I'm trying to figure out how to deploy my applications on AWS. I have very limited DevOps experience and I'm not sure if my design is good.

I have two application, a web application that handles files upload and a processing application that do processing on the files.

I was planning using AWS beanstalk for web application but for the processing application I'm not sure which strategy to use. I was thinking about using a queue (SQS) to dispatch the processing jobs and put the processing application on a EC2 auto scaling group.

The files are big (a few GBs) and the processing is very I/O bound so will copy the files from s3 to a local SSD on the processing machine before doing the processing.

Other consideration:

  • Both application need to access the same database (Do I need some sort of VPC?)
  • I might have different kind of processing in the future that will require some kind of dispatching to other applications on other instance types (Maybe some machines with more memory).

Question is: is this a good architecture? Any important details I'm missing? Any tips on how to get started on AWS?

cmar
  • 43
  • 4
  • 1
    Your requirements are a bit vague, so the answer might be "definitely maybe." The nice thing about AWS is that you can set this up very quickly and test it -- if it's not right, it's easy to change. – Ron Trunk Apr 02 '19 at 16:52

1 Answers1

1

So Two methods I can think of that should work for you without a DB table of Jobs but still allow DB access if you need it.

Highly scalable serverless

Would be to use an API Gateway and set up a Lambda function to actually do the heavy lifting this means that when your not processing anything your not wasting Money running a system that is not doing anything.

You can read up about it here: https://docs.aws.amazon.com/apigateway/latest/developerguide/getting-started-with-lambda-integration.html

This one Allows for Multiple upload processing simultaneously but could become costly if you have a lot of frequent uploads

Your Lambda could then do the processing of the upload as needed.

Cost Effective for constant processing a few at a time

Would be set up an EC2 box that reads from an SQS queue and process one after another and you set up your app that once it's uploaded to S3 it pushed to the SQS queue.

If you start noticing a backlog in your queue with this method you can scale up by adding more EC2 processing instances.

This does mean that if uploads are infrequent you might be running an EC2 doing nothing. Depending on your EC2 instance size you could run your processing application multiple times E.G if it was PHP and you went for a 4 core EC2 you could run the PHP script 4 times in parallel on that box.

Database Question

The First option removes the need for a Database of jobs to process because as they come in via API Gateway. but can still connect to an RDS if you need it to via the NodeJS Lambda libraries. The second option also removes the need for the upload system to be connected because it can use an SQS Queue but if you require it you can connect to an RDS the same as any other application.

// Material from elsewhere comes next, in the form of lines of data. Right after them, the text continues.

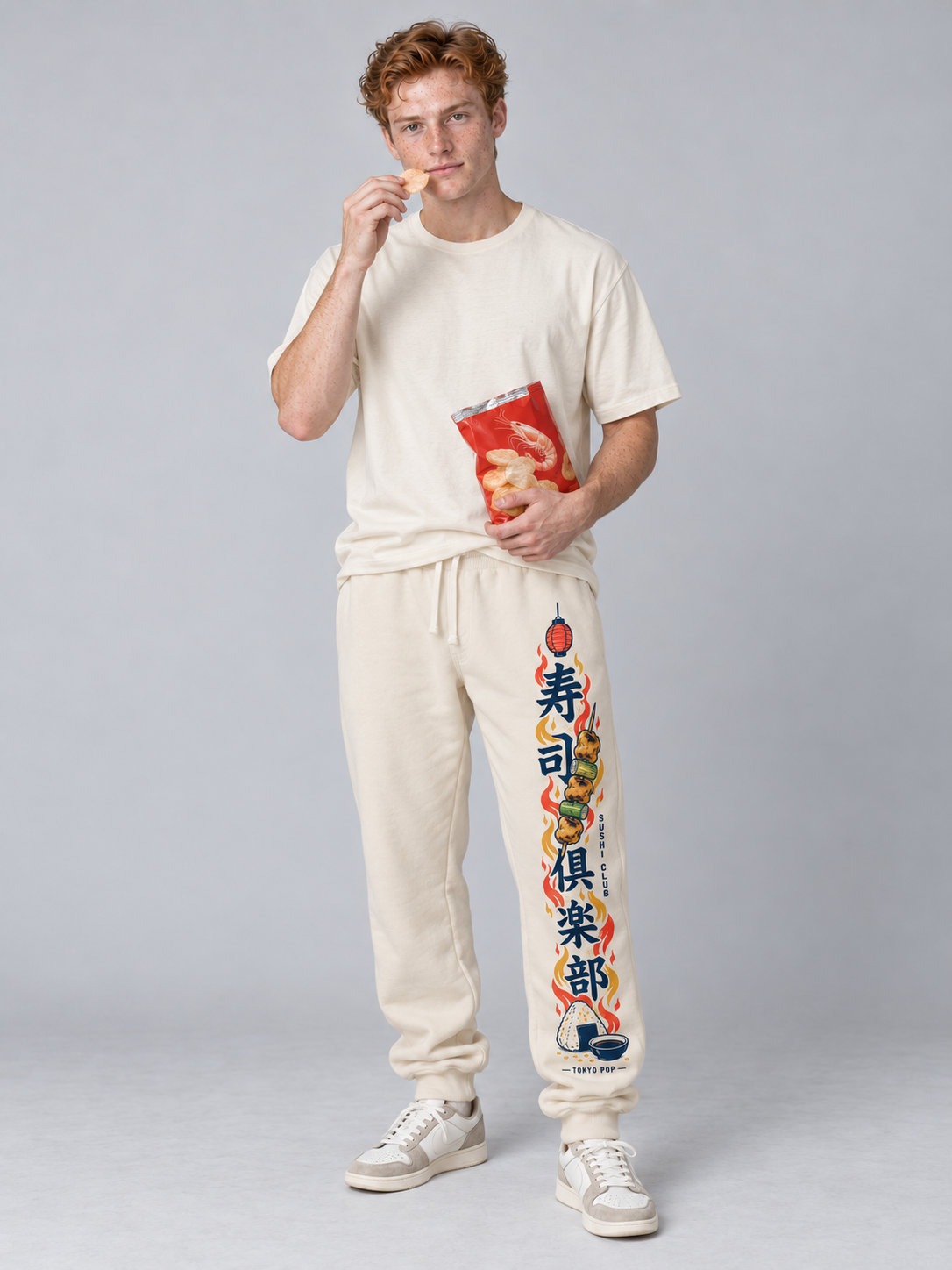 Tokyo Pop Fire Yakitori oversize byxor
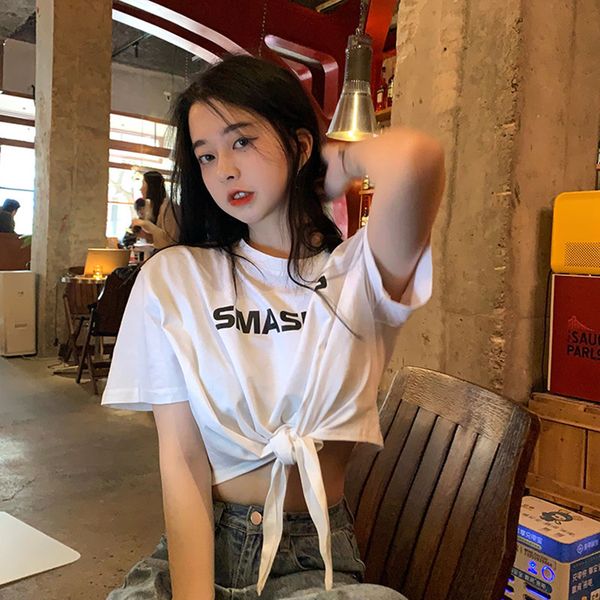 3colors summer korean style letter print short sleeve t-shirt womens loose cropped tees shirt femme (f4286) 210423, White
3colors summer korean style letter print short sleeve t-shirt womens loose cropped tees shirt femme (f4286) 210423, White
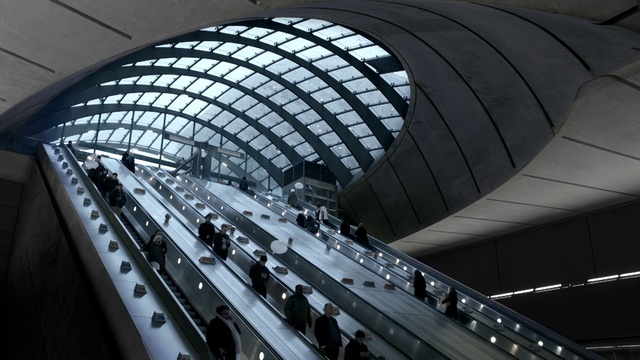 Video Reference: Architecture, Building, Metropolitan area, Daylighting, Urban area, Escalator, Metropolis, Train station, City, Steel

If you do wish to use a Database for handling all this instead of an SQS Queue or you have another reason for using a Database you can set up an RDS in the default VPC and use Security Groups for access permissions this is not scalable. (IP Addresses)

You can use the second option and just not use an SQS Queue.

If you need to run an RDS across multiple AZs in the same region you can do this by setting up your RDS across all 3 Availability Zones by setting up Multi-AZ, then any EC2 instance in the same region can access it (this gives you high availability).

If you are wanting to add Multi-Region and no public Access to DB, you will have to create a Set of VPCs in every region you want to operate from and make sure they are all peered to each other and the route tables are set up to allow communication via peering before you create your RDS because it will need creating in the new VPC.

Notes

If you are wanting Multi-Region Multi-AZ for Ultra High Availability I highly recommend before creating your RDS you use T2.nano instances running Amazons custom Linux distro in EC2 to test pinging across the regions via the peering it can get quite complex setting up all the peerings and make sure they are working, get the proccess for 2 regions correct then add other regions one after another making sure all other regions can ping the new region.

Martin Barker
  • 279
  • 1
  • 16